Ecoute chaque matin l’incomparable nostalgie de la journée

C’est plus fort que moi. J’ai beau savoir en mon for intérieur que ce monde doit changer et se réinventer, je ne peux m’empêcher d’être nostalgique d’un temps qui ne sera plus et surtout qui ne peut plus être.

Nostalgie d’un temps des cerises dépassé et délaissé que je continue d’idéaliser malgré moi.

Nostalgie de la facilité et du confort dans lequel j’ai vécu jusque-là sans me soucier d’avoir abandonné mon pouvoir d’agir.

Nostalgie du temps de l’insouciance qui semble s’être évanoui au profit de la peur institutionnalisée.

J’alterne entre cette nostalgie prégnante et l’envie de renverser la table. J’interroge la responsabilité de mes actes.

De tous mes actes. Même les plus insignifiants. Y compris et surtout ces petits actes de compromission que je fais chaque jour en croisant les doigts pour que les scrupules ne viennent pas me pourrir la vie trop longtemps.

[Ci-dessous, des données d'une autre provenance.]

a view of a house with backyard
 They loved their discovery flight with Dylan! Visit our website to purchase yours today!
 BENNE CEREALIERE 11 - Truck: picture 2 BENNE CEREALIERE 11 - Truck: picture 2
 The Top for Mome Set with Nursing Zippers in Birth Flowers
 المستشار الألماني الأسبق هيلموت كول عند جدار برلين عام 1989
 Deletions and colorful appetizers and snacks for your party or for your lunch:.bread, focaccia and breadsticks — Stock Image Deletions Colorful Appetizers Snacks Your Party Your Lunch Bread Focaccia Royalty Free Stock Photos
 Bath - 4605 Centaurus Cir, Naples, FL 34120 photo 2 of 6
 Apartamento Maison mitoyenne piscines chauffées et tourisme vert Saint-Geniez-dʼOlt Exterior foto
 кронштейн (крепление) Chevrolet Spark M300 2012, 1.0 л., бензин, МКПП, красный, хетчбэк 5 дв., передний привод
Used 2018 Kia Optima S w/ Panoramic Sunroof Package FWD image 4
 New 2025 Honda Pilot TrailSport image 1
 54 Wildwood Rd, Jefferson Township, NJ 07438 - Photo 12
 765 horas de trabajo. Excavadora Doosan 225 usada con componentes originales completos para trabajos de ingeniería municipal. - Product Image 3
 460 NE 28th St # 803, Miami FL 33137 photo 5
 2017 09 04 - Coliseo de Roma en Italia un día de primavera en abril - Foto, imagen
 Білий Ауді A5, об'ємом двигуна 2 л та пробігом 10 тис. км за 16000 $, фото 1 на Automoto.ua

C’est fou la facilité que l’on a à fermer les yeux pour oublier et essayer d’avoir la conscience tranquille.

C’est fou la facilité que l’on a à se dire que l’on fera mieux demain.

C’est fou cette facilité que l’on a à chercher à se dédouaner pour nos actions sous prétexte que l’on n’a pas le temps de se pencher sur la question.

On a beau savoir et comprendre que l’on a brûlé la chandelle par les deux bouts, on s’accroche à ce temps perdu que l’on ne retrouvera plus.

On voudrait bien trouver quelque chose à récupérer de ce temps. Quelque chose à reconsidérer, à redorer, à amplifier. Quelque chose à quoi se raccrocher. Qui a toujours existé et qui est à portée de tous, partout, à toute heure, en tout temps. On n’aurait alors pas tout perdu.

Il y a bien quelque chose que l’on a laissé en déshérence, qui permet pourtant de goûter au sel de la vie : l’attention en toute chose.

L’attention en toute chose permet de reconsidérer la vie dans ce qu’elle a de plus simple et de plus vrai, de la considérer avec plus de respect et dans la conscience de son caractère sacré. Elle redonne ses lettres de noblesse à toute existence.

Cette incomparable nostalgie que l’on ressent. Ce plaisir d’être dans l’instant. Cette sensation chaleureuse d’être là où l’on devrait être et que rien ne peut venir troubler. Ce truc insaisissable qui rend le moment inoubliable. Tout cela naît d’une attention constante et soutenue aux choses simples de la vie. Ces choses qui nous ramènent à l’essentiel et nous permettent de voir là où est notre essentiel.

Prêter attention. Faire attention. Ecouter avec attention. Changer notre rapport au monde et la perception que l’on en a. Passer du regard pressé au regard curieux, intéressé, prêt à s’émerveiller d’un rien.

Immanquablement on réalise que la somme des petits riens forme un tout dont nous sommes bien responsables. On prend conscience que chaque acte a son importance et que nous avons le pouvoir de reprendre la main sur ce qui semble nous échapper, petit rien après petit rien.